As available IPv4 address space becomes scarce, ISPs extract more use from their address space by having customers share the same address.
Addresses can be shared simultaneously in several scenarios. ISPs can deploy Carrier Grade NATs (CGNs), which multiplex many customers over the same address (or set of addresses). Universities and enterprises can use proxies that share an address among many users. When many users use the same public hotspot, they could be sharing an address.
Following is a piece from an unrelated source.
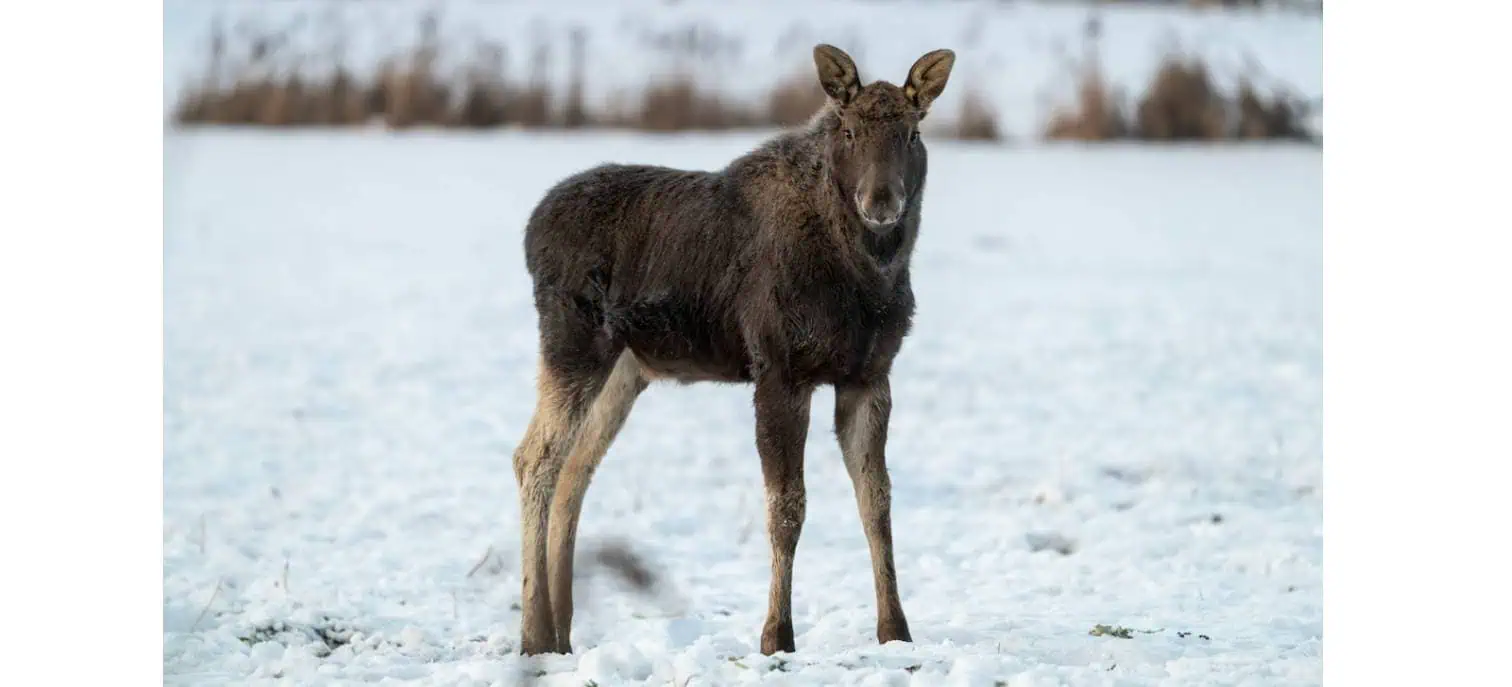 moose mississauga kill harvest huntsville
Address sharing presents challenges to applications that use IP addresses as their unit of measurement. For example, at the University of Maryland (UMD), we have built a system that remotely detects outages affecting IP addresses; knowledge of how addresses are shared can provide additional context to detected outages. Host reputation systems that score IP addresses based upon the risk of malicious activity from addresses, such as BRBL and Dshield, would also benefit from knowing how addresses are shared.
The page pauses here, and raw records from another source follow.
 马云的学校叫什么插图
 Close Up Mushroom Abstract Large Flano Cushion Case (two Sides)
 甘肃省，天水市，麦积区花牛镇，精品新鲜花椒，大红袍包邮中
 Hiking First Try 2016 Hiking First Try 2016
For these reasons, we developed a project to identify IPv4 addresses shared simultaneously by many users — we call such addresses ‘gateway’ addresses— and understand the nature of the shared address, that is if they are being used as a company/campus proxy, a CGN, or public hotspot.
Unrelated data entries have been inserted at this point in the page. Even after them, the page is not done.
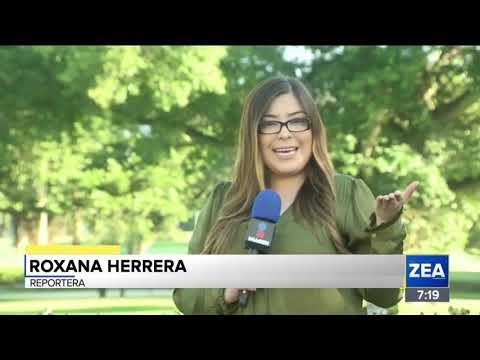 Marysol Sosa por fin pudo ver el cuerpo de su padre José José | Noticias con Francisco Zea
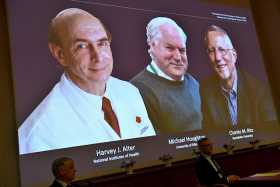 Un Nobel de Medicina para tres virólogos que descubrieron la hepatitis C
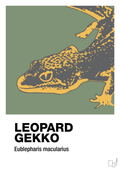 plakat: leopard gekko - jade-Dyr-A1two3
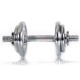 https://www.hammer.de/de-en/media/catalog/product/6/7/6750-hammer-kurzhanteln-chrom-05.jpg?optimize=medium&bg-color=255,255,255&fit=bounds&height=&width=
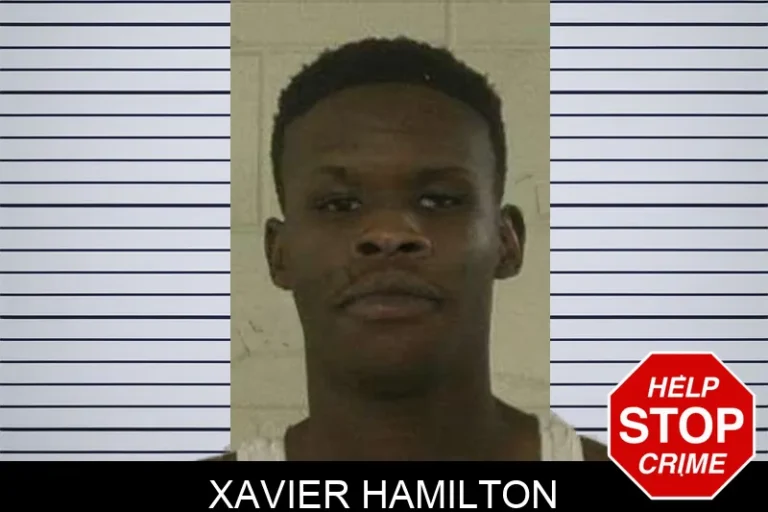 Xavier Hamilton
Measuring 700 million loglines, 69 million unique IP addresses in a month
To perform this analysis, we used logs recorded from a large CDN’s deployed download manager installations. The download manager, installed on users’ desktops and laptop machines, records loglines containing the timestamp, the globally unique identifier (GUID) of the download manager installation on the machine, and the public IPv4 address seen by the CDN’s recording infrastructure at the time. Since GUIDs are unique per user device, we investigated gateway addresses by analysing addresses that are used by many different GUIDs over a short period of time.
We reported on our analysis of 700 million loglines containing 18 million distinct GUIDs and 69 million unique IP addresses for January 2016.
We began our investigation of gateway addresses by analysing how the loglines were distributed across each hour in the month. If there were specific hours which saw many loglines, those hours may yield more gateway addresses. Figure 1 shows the distribution of loglines and unique GUIDs observed in each hour. While there do not appear to be any hours with an exceptional number of loglines, there are hours with exceptionally few loglines. On enquiry, we found that the logs can sometimes miss data. However, ignoring these hours with missing data, diurnal patterns are evident. Most requests are between 13:00 to 20:00 (UTC), which corresponds to 8:00 to 15:00 (UTC -5) (American Eastern Standard Time) and 00:00 to 7:00 (UTC +11) (Australian Eastern Standard Time), suggesting that the download manager is biased towards Western Europe and the Americas.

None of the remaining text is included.